整理舊書,找到王爾德的《道林格雷的畫像》。中學時期看過的小說,那時候看得不怎樣明白。沒法理解格雷這個人,壞事做得愈多,他的畫像變得愈醜,而格雷本人的樣貌卻仍然年輕俊美。那時候的理解,是人的容貌隨着年紀增長,多會變得不好看(與衰老無關),是人長大了,閱歷多了,「壞」的、「好」的都寫在臉上,而壞又往往比好的多,人遂變得不好看了。
容貌·行為
王爾德用象徵手法,寫出人外貌美或醜,與他的好或壞並無一定關聯,一表人才也可以壞事做盡的。格雷還懂得羞恥,最後肯用刀刺穿畫像的心,人死了,畫像變回早前的俊美,真人卻變得醜陋不堪。現實人生不一定是這樣的,不少人年紀愈大,不懂反省,恃老賣老,甚至某些行為令人反感。難怪孔夫子也曾這樣說:「老而不死是為賊」。
文友傳來短文,是在超市發生的,他購物完畢,「來不及回頭把購物車移走,就感到腿部一陣摩擦的刺痛。」
「原來我後面一位看似八十餘歲的婆婆,急不及待地施展水上飄鐵掌,一掌就把她跟前的購物車推開,正撞上我的腿部。

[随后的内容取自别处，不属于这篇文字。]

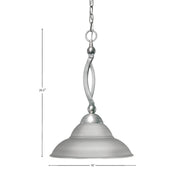 Toltec Bow 16in 1-Light Pendant | Brushed Nickel Double Bubble Metal | Kitchen Island & Dining Room | 16 x 16 x 20.5 in | Model 271-BN-429-BN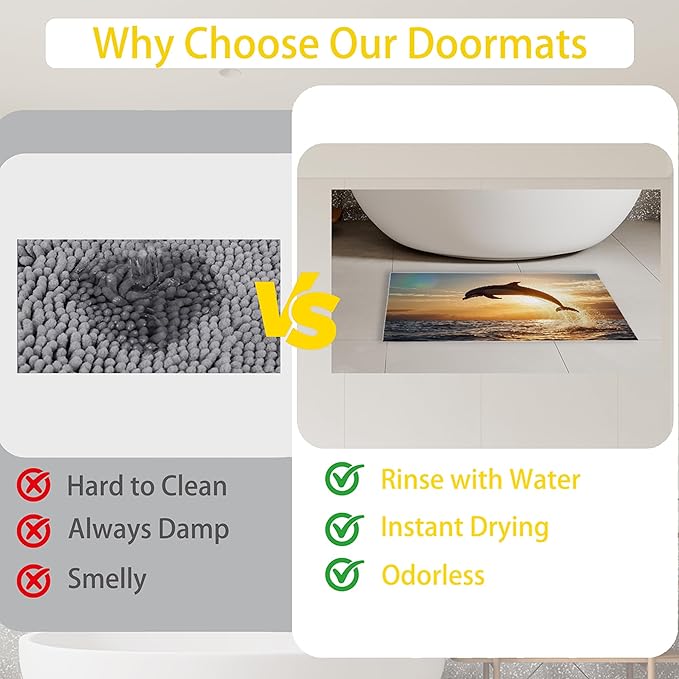 Welcome Mat Indoor,Jumping Dolphin Front Door Mat,Sea Sunset Entryway Rug for Porch Patio Non-Slip Outdoor Entry Doormat for Back Door Outside Entrance Hallways,30 x 17 Inch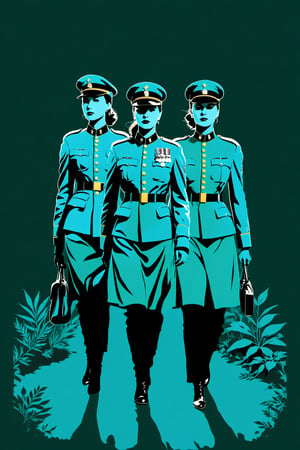 character silhouette, 3 women at a botanical garden, body in shadow, in military uniform, dark night, turquoise green background, Flat vector art,pencil sketch,xxmixgirl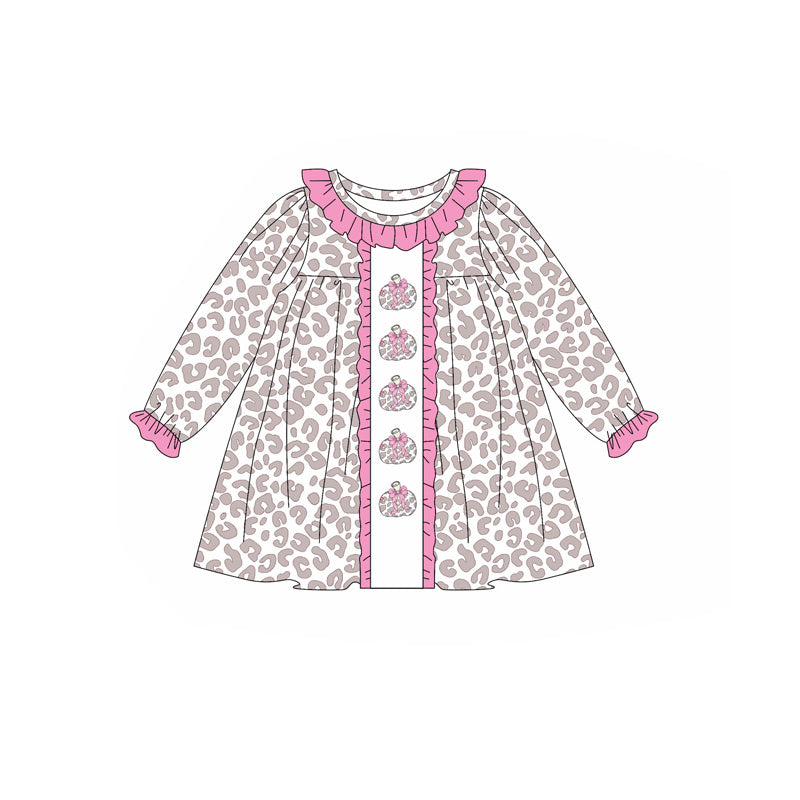 GLD1054  Embroidery Pumpkins Baby Girls Pink Leopard Fall Knee Length Dresses D 7.8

回頭看她的面容,雲淡風輕,毫無表情,果然是閱歷豐富,內功深厚。」
文友沒有與婆婆計較,他不過是說出一個事實而已。
文友在大學與不少長輩交往,長輩對他不錯。他很有「長輩緣」,他的「長輩緣是有選擇性的」。「年高而德劭,才足以令人親近。」
活得好
與文友就「老」這課題展開對話,「拋磚引玉」,真有其事。
「王爾德的《道林格雷的畫像》帶來的聯想:主角格雷容貌看似永遠不變(年紀大了,仍然青春俊美),他的惡行轉移到他的畫像,壞事做得越多,畫中人變得越醜。真實人生,人年紀大了,開始衰老,因而行動、反應變得遲緩。這樣的老去不是問題,那是每個人必經階段。但不少人外貌(更多的是行為)卻變得『醜陋』起來。老得優雅、好看的,不是沒有,卻是相對的較少。」
對中外文化素有研究的文友給我開班上課:「人類的野蠻時代,因為年長者體力不濟,無法保持工作量,所以往往被遺棄。老從那時便引發病、死的聯想,因此就是醜陋的化身。」
「希臘神話中的男性老年神Geras、女性老年神Graeae三姊妹,都是醜陋而缺乏生命力的。但到了文明時代,人們發現老人累積的知識多,加上家族觀的形成,因此不僅遺棄老人成為禁忌,敬老更成為各種文化的要素。」
想起日本電影《楢山節考》,導演今村昌平拍出楢山窮困村莊的「習俗」,由於糧食不足,只能把70歲老人家送上山,讓他們等死。這樣子的遺棄老人,實屬人間悲劇,今時今日該不會出現的了。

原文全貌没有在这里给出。